Cuando se paga en metálico parece que se le da más importancia al dinero. Yo asistí hace muchos años como testigo a la compra de un cuartón de tierra por parte de un vecino. Poca cosa, pero para él, que había amasado su pequeña fortuna peseta a peseta con mucho esfuerzo, aquel acto solemne ante comprador, testigos y notario, suponía entregar una parte de sí mismo y también una muestra de orgullo y satisfacción por los rendimientos conseguidos con su trabajo. Poner billetes de mil unos encima de otros con la figura majestuosa de don José Echegaray en su anverso, no estaba al alcance de la mayoría.
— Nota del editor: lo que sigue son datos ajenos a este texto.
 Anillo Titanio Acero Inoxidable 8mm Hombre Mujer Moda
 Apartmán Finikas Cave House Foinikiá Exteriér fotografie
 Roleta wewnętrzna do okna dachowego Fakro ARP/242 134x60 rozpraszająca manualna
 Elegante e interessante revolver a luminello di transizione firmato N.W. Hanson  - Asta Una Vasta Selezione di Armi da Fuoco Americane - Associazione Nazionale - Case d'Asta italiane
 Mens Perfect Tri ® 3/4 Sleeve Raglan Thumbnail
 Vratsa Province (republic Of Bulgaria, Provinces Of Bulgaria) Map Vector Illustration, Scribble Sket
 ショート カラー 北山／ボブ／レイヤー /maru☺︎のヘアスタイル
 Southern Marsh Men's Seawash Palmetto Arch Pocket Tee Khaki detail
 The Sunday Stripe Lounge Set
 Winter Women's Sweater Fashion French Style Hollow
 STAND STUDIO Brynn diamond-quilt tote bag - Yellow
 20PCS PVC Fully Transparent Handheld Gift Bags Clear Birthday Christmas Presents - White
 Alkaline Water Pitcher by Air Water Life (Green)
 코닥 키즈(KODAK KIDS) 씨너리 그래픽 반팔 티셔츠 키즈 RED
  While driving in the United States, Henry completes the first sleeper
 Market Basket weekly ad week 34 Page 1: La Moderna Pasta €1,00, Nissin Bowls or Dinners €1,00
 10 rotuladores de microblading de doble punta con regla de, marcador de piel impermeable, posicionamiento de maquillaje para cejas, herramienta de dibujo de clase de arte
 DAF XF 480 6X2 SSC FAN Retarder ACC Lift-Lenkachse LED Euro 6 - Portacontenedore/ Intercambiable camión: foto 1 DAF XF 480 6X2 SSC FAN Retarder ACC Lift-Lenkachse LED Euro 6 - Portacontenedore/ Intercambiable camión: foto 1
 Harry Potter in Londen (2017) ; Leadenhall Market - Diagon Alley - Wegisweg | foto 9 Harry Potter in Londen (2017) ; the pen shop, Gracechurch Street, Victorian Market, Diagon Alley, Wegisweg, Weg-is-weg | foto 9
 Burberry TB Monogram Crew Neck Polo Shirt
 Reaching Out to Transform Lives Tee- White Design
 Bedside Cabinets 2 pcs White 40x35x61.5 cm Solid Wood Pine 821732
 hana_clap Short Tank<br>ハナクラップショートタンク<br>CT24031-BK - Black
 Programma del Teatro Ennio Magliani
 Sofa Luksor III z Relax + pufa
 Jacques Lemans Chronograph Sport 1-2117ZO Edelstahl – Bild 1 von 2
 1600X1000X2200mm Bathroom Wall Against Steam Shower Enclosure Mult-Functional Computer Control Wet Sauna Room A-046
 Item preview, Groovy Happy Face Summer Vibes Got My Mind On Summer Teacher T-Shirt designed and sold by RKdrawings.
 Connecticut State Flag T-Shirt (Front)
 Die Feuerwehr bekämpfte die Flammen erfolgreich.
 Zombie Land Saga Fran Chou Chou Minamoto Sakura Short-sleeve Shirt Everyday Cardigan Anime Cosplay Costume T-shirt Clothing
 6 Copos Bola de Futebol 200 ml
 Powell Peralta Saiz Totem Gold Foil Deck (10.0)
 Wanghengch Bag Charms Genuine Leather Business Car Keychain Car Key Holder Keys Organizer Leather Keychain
Aquel momento me recordó al cardenal Cisneros cuando los nobles le preguntaron en virtud de qué poder los gobernaba y abriendo el balcón les señaló a los soldados y cañones formados en el patio: “Estos son mis poderes”. Eso me pareció el gesto de mi vecino aquel anochecido cuando, llegada la hora del pago, sacó un sobre del bolsillo y empezó a contar los billetes ante el silencio expectante de los presentes. Unos nuevos, otros descoloridos y ajados. Incluso algunos, con roturas unidas con el papel blanco donde venían los sellos de correos. Los contó primero el que compraba y tras él, a su ruego, (el dinero es para contarlo, le dijo) el vendedor de la tierra. Así se consumó la compraventa.
Está disminuyendo el uso material del dinero en las transacciones. Ahora cada mes nos comunican los abonos y pagos que se han producido en nuestra cuenta bancaria, sin verlo ni tocarlo. Así nos pagan, así se lo llevan, como ilusionistas de circo. Nada por aquí, nada por allá. Los números y el plástico nos han suplantado en estos menesteres. Un simple contacto con la tarjeta o un rápido pase por la ranura de una maquinita están sustituyendo al papel moneda. Los aparatos de cobro son como linces agazapados a la espera sigilosa de la presa sobre la que saltan con las uñas afiladas en el momento que se la acercan. La engullen de un bocado. ¿Quiere copia? Es la lengua lo que nos sacan una vez saciado su apetito. Se lo llevan inmaculado, sin mancha ni mácula, como nos explicaban los curas que se produjo el embarazo de la virgen María. Un rayo de sol que atraviesa el cristal sin romperlo ni mancharlo. Larga mano digital que llega y traspasa de nuestra cuenta a otra ajena en un intercambio mágico de dígitos. Muy frío y mecánico todo.
El dinero se ha vuelto volátil, espirituoso, inconsistente. Apuntes impersonales que han perdido la mística del cuento y el recuento humedeciendo cada poco los dedos. Y qué curioso que se le siga mejor el rastro a lo intangible e invisible que a las bolsas y maletas llenas de billetes que ínclitos compatriotas y delincuentes de alcurnia se llevan a los paraísos fiscales.